Led by the Rev. Patrick Mahoney (2nd from R), a small group of pro-life activists kneel and pray in front of the U.S. Supreme Court on May 11, 2022, in Washington, D.C.
Led by the Rev. Patrick Mahoney (2nd from R), a small group of pro-life activists kneel and pray in front of the U.S. Supreme Court on May 11, 2022, in Washington, D.C. | Drew Angerer/Getty Images

The unprecedented revelation of the draft of a majority opinion by Justice Samuel Alito in Dobbs v. Jackson Women’s Health Organization likely signals a repudiation of the Court’s opinion in Roe v. Wade (1973).  For close to 50 years, Roe has provided relatively broad nationwide protections for women and their doctors to abort unwanted or dangerous pregnancies.  

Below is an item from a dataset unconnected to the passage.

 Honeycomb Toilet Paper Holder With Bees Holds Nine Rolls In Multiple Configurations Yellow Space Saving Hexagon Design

Although most commentators have argued for or against the decision on policy grounds or on the basis of perceived public opinion, a popular argument against Alito’s opinion is that it overturns precedent, or what lawyers and scholars call stare decisis. This criticism is particularly relevant to this case because some sitting justices who appear ready to side with Alito have previously expressed support for this doctrine specifically in reference to the decision in Roe v. Wade during their Senate confirmation hearings. Moreover, the Court supported the application of this doctrine to abortion in Planned Parenthood of Southeastern Pennsylvania v. Casey (1992).

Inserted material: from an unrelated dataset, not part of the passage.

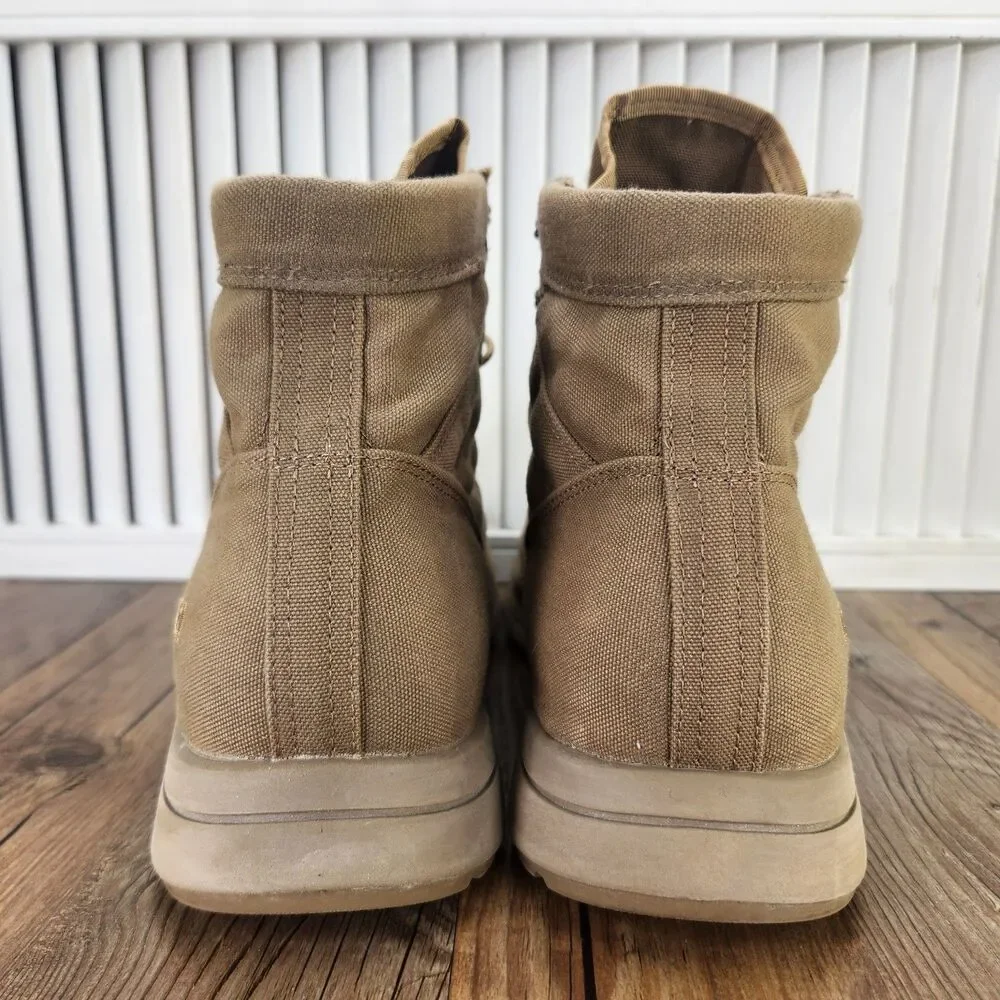 GoRuck Jedburgh Mens Size 11 Brown Tactical Rucking Combat Utility Canvas Boots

As that opinion declared, the law provides stability. The longer the law is in place, the greater the presumption for its continuance should be, especially in a decision like Roe, in which the Court was unified (it was a 7-2 decision), and in which it meticulously explained its reasoning. In Planned Parenthood, Justices Sandra Day O’Connor, Anthony Kennedy, and David Souter further argued that the decision had proven to be workable, that it had created a strong “reliance interest” among women who planned their lives knowing they would control the decision to keep or terminate a pregnancy for themselves, and that reversing decisions could undermine the legitimacy of the court.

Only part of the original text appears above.